CST Blog

Taking outreach to extremes

17 February 2010

Here is a video from a meeting of Society Outreach, a group which organises regular meetings in Parliament to discuss Middle Eastern matters. It is the last in a 10-part record of the meeting on youtube.

The meeting is chaired by Lord Nazir Ahmed. On the panel is Oliver Miles, recently in the news for pointing out the vital information that there are two Jews on the Chilcott Inquiry, here speaking in his capacity as a former British ambassador to Libya.

At about 6:20, a familiar face makes a contribution to the debate: Lady Michele Renouf, probably Britain's most prolific - and certainly most glamorous - Holocaust denier.

Renouf has an ingenious solution for the Israel/Palestine conflict, which involves Israel being dismantled and all "those people" - which seems to include European Jews - moving to eastern Russia:

...most of the conflicts we are talking about are as a consequence of the pirate in Palestine and the absolutely criminal state that needn't  exist, because - and I run a campaign about it - there is a first Jewish homeland in Birobidzhan, it's been peacefully set up since 1928, it is still there to receive European Jews, and there was no need morally or in any sense after 1945 for those people to pirate Palestine.
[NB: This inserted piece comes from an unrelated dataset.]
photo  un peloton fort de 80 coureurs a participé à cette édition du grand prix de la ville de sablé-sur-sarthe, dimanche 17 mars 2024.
And this is the issue that we don't want to face and the British [UN] veto arises from this nonsense." (applause)

Watching this video, as the applause subsided I wondered what the reaction in the room would be to such an outrageous suggestion, straight out of the canon of pre-war 'Jewish Problem' theorising. I was to be very disappointed, and the most depressing thing of all is that I wasn't surprised.

Nobody - not Lord Ahmed as  meeting chair, or the panellists, or anyone in the audience expressed any objection. I'm perfectly willing to accept that Lord Ahmed, Oliver Miles and the rest don't know who Renouf is and didn't agree with her. Perhaps they just weren't listening properly - although the applause suggests that at least some people heard her clearly enough. But racism needs to be challenged whenever and wherever it appears, and the fact that not one person in the room felt moved to object is very troubling indeed.